Leadership, Cooperation Needed to Move on Cybersecurity, Say Officials

Action may be stalled until the White House appoints a czar on the issue, panelists said. Many people are “waiting to see who [the cybersecurity coordinator] will be before they're going to do anything,” said Marcus Sachs, Verizon executive director of federal relations. U.S. cybersecurity policy will likely remain in a “holding pattern” until there’s strong leadership pushing the issue forward, said Jim Lewis, director of the Center for Strategic and International Studies. The good news is President Barack Obama has said publicly that cybersecurity is a priority for his administration, but “we have to turn nice words into actions.”

Senate leadership and a number of different committee chairmen recognize that legislation is needed, said Parkinson. They've discussed how they're going to work together on the issue, she said. Parkinson declined to predict when legislation will be finished, but said her boss, Sen. Joe Lieberman, I-Conn., plans to soon put out a bill for the Homeland Security Committee. However, bills are coming from many other committees as well, and “there will need to be some meeting of the minds and some negotiating” before a unified bill is ready for the Senate floor, she said.

To minimize inter-committee fighting, Parkinson has guided her committee to focus on legislation dealing with matters within its own jurisdiction, she said. Disagreement and turf wars are probably unavoidable since there’s overlap on some issues, for example whether to establish a White House cybersecurity office, she said. However, “the powers that be believe that this is a big enough deal that you gotta crack through that,” she said. “If you have that sort of push from leadership, it’s easier to pull everything together.”

“The jury is out” on what role the FCC should play, Sachs said. The commission asked questions on cybersecurity in its rulemaking on developing a national broadband plan. The FCC isn’t a “cop and robber organization” like the FBI, so it’s unclear what the agency would do, Sachs said. Perhaps the best way the FCC can help is to focus on expanding broadband to unserved and underserved areas, he said. “Cybersecurity is a threat that rolls through that, but it’s certainly not going to be out front.”

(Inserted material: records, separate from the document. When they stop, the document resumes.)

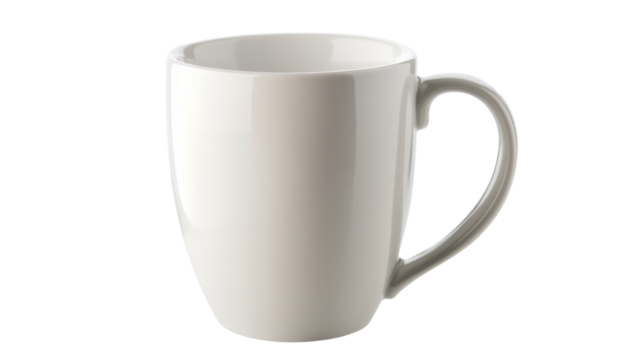 White mug standing on transparent background ready for customization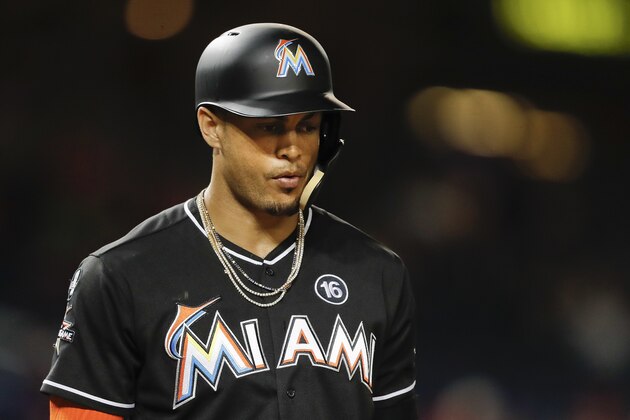 Miami Marlins' Giancarlo Stanton walks to the batters box in the seventh inning of a baseball game against the Washington Nationals at Nationals Park, Tuesday, Aug. 29, 2017, in Washington. (AP Photo/Pablo Martinez Monsivais)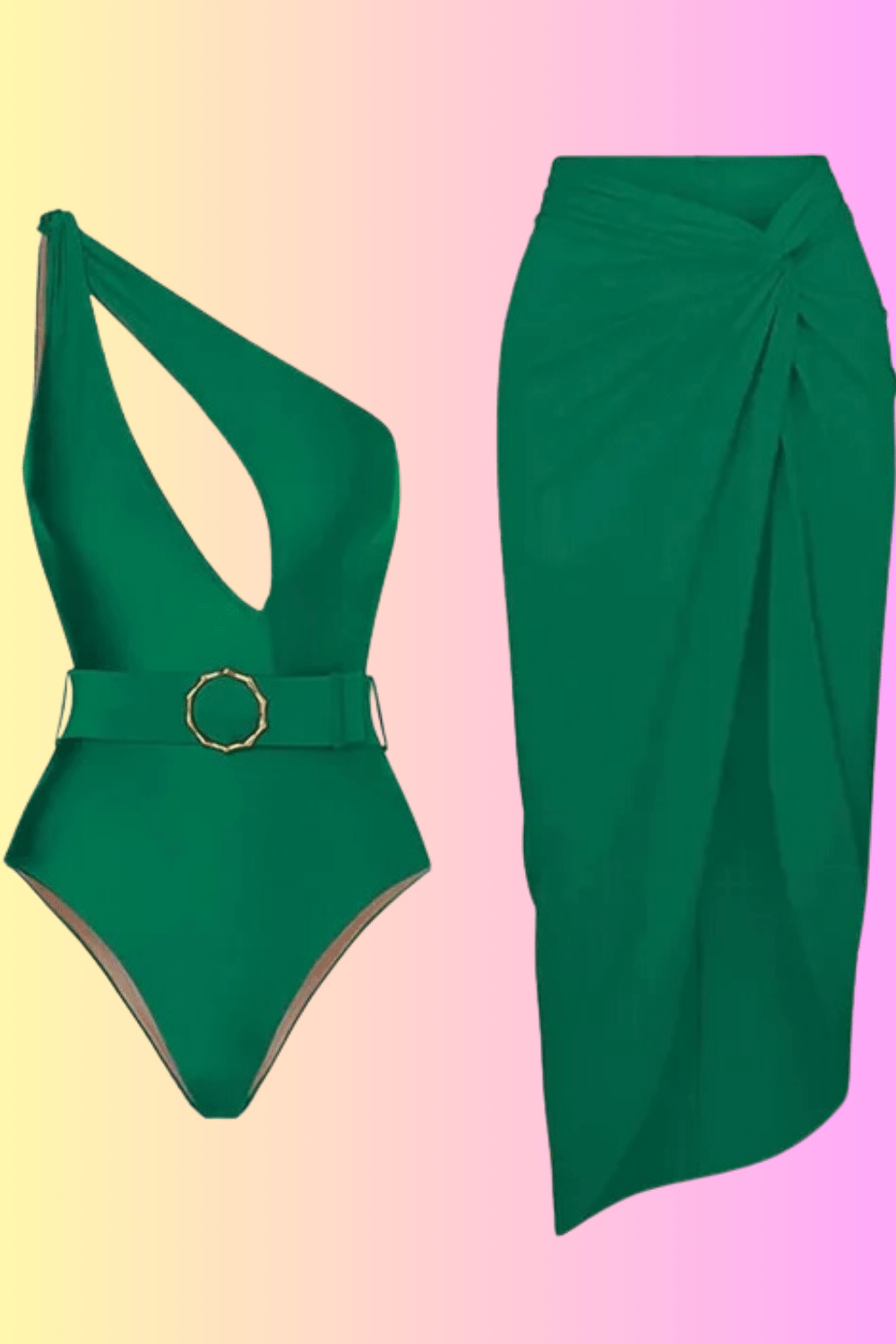 Un élégant Maillot de Bain Femme 2 Pièces vert à une épaule, associé à un paréo vert assorti, doté d'une boucle de ceinture coordonnée, sur un fond pastel bicolore de Sylvia CORRE.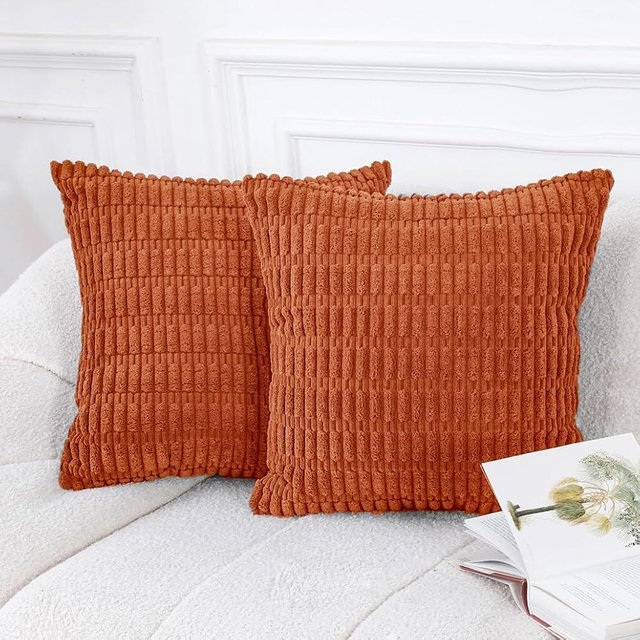 HWY 50 Corduroy Decorative Throw Pillow Covers 16x16 Inch, Soft Striped Boho Farmhouse Pillow Cases for Couch Sofa Bed, Modern Cushion Covers for Living Room Home Decor Pack of 2 Orange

Any successful effort must involve both the public and private sectors because it’s a “shared responsibility,” Sachs said. “You cannot expect” the government or the private sector to make the Internet secure on their own, he said. Regulators should use incentives, not regulation, to get businesses on board, he said. When the government tries to mandate one specific solution, he said, “we get security through compliance, and we always lose there because our adversaries could care less how compliant we are.”

Transparency is also key, said Parkinson. Ordinary people must be assured that the government isn’t trying to do anything “sinister” with the Internet, she said. Transparency was lacking near the end of the Bush administration, when it came out that the government was working on a comprehensive cybersecurity initiative, she said. “No one really knew what was being talked about, so everyone leapt to conclusions that the government was going to take over all private sector networks and then shut down the Internet.”

The U.S. is in “dreadful shape” on cybersecurity, Lewis said. U.S. networks are very vulnerable, and cybercriminals’ skill is nearing that of the National Security Agency, he said. Regulators may recognize the problems, but politics have held them back from taking action, he said. “We are locked into stuff that were great ideas in the 1950s -- like General Motors -- and we can’t get out of it.”